Only those sealed by the messiah will survive.

11


Bill stood outside a shop that sold religious articles. Many medallion images of sacred figures with shiny disks behind their heads. They’ve got their game together here, he thought. Name many saints, get them in the windows, do not stint on halos, crosses, shields or swords. The priests were damn impressive too. He saw them everywhere, round-hatted and intensely bearded, wrapped in floating robes. Sturdy men every one. Even the elderly were healthy-looking. Bill thought they were deathless in a way, fixed to national memory, great black ships of faith and superstition.

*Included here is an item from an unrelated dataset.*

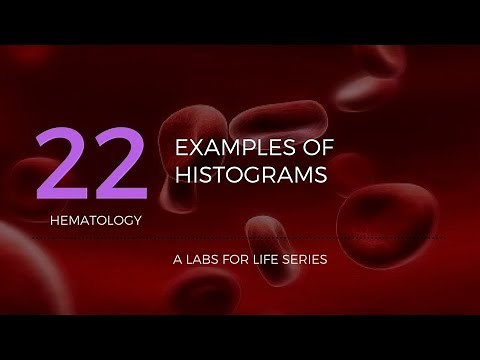 CBC Analyzer Part 6b - Examples of Histograms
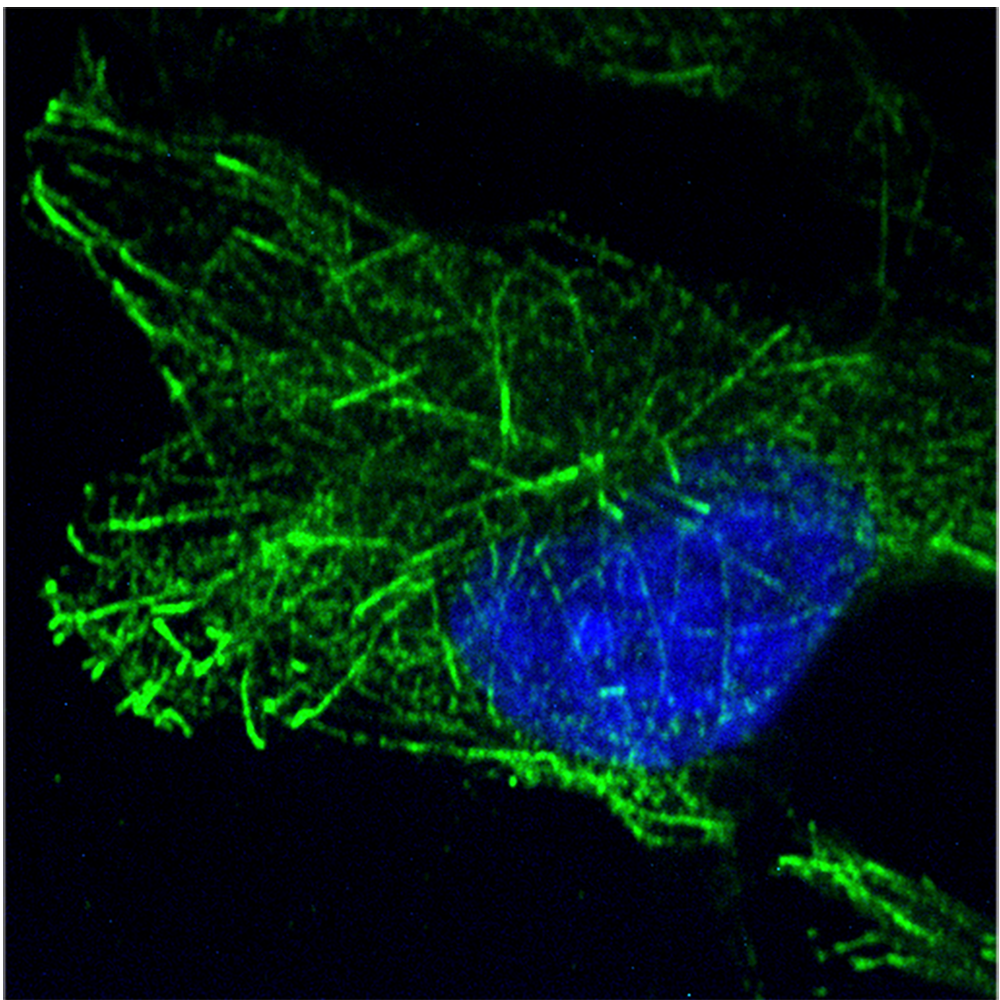 Investigating Mechanisms Behind Early HIV-1 Infection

In his room he thought about the hostage. He tried to put himself there, in the heat and pain, outside the nuance of civilized anxiety. He wanted to imagine what it was like to know extremes of isolation. Solitude by the gun. He read Jean-Claude’s poems many times. The man remained invisibly Swiss. Bill tried to see his face, hair, eye color, he saw room color, faded paint on the walls. He pictured precise objects, he made them briefly shine with immanence, a bowl for food, a spoon constructed out of thought, perception, memory, feeling, will and imagination.

Then he went to see George Haddad.

“What are you drinking, Bill?”

“A small quantity of the local brandy poured gently into a short glass.”

“What do we want to talk about today?”